We're back from spending a good part of the holiday season with family in the Maritimes. What did we do? Well, we did some cross country skiing, enjoyed each other's company, played lots of games and, of course, we ate a lot food!

Here's some of the food that we enjoyed for our Christmas dinner. The wonderful, organic turkey was done by my father-in-law. He also made the stuffing which is a recipe that came from my side of the family. My mother-in-law made the cranberry sauce. It's the best cranberry sauce I've had and I'm still trying to get her to give me the recipe! Maybe if we ask her nicely, she'll provide a guest post for us all...hint** hint**

Here's a picture of the scrumptious stuffing that I talked about earlier. The recipe will follow...
The rest of Christmas dinner involved some sweet potatoes and mashed potatoes along with some really tasty gravy. Mmmm!

And, of course, who can forget dessert?!
This wonderful yule log came from Gourmandises Avenue in Eastern Passage, Nova Scotia.
They make fantastic, professional French pastries and chocolates.
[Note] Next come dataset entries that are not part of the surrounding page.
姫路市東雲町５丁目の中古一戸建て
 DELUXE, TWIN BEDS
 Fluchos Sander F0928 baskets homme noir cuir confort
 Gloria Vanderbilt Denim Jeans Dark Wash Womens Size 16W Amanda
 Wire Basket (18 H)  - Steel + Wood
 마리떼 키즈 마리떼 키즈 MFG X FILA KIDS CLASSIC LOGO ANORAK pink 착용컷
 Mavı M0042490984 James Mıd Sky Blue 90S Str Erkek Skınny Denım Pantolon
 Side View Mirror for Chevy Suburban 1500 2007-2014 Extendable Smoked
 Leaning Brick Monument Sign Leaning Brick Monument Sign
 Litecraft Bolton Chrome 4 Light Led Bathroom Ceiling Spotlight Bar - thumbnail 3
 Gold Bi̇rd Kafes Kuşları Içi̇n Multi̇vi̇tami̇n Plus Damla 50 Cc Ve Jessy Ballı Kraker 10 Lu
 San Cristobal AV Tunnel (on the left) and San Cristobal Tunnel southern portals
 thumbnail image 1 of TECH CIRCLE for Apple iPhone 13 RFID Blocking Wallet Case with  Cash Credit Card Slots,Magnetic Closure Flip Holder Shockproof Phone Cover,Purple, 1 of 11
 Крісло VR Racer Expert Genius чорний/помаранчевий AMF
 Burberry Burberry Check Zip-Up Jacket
They also do wedding cakes.

It was a chocolate yule log with a raspberry filling and it was absolutely delicious.


Great food, great family...that's what the holiday season is all about.
Oh, and it's not over yet...this week, we visit my family.


Now, as promised, here's the stuffing recipe:

Turkey Stuffing

INGREDIENTS
1 loaf French or Italian bread, chopped
2 cups mashed potatoes
1 package (500 grams) sausage meat (we use Maple Leaf uncooked sausage meat)
1/2 cup melted butter
1/2 cup chopped parsley
1 large onion, diced
1 teaspoon dried thyme (if using fresh thyme, use about 1 tablespoon or the leaves of 6 sprigs)
1/2 teaspoon black pepper

STEPS
  • Place all ingredients into a very large bowl and mix together with hands until well blended. Insert stuffing into the neck cavity and the chest cavity of the bird. Extra stuffing may be baked in a casserole dish while the turkey is cooking.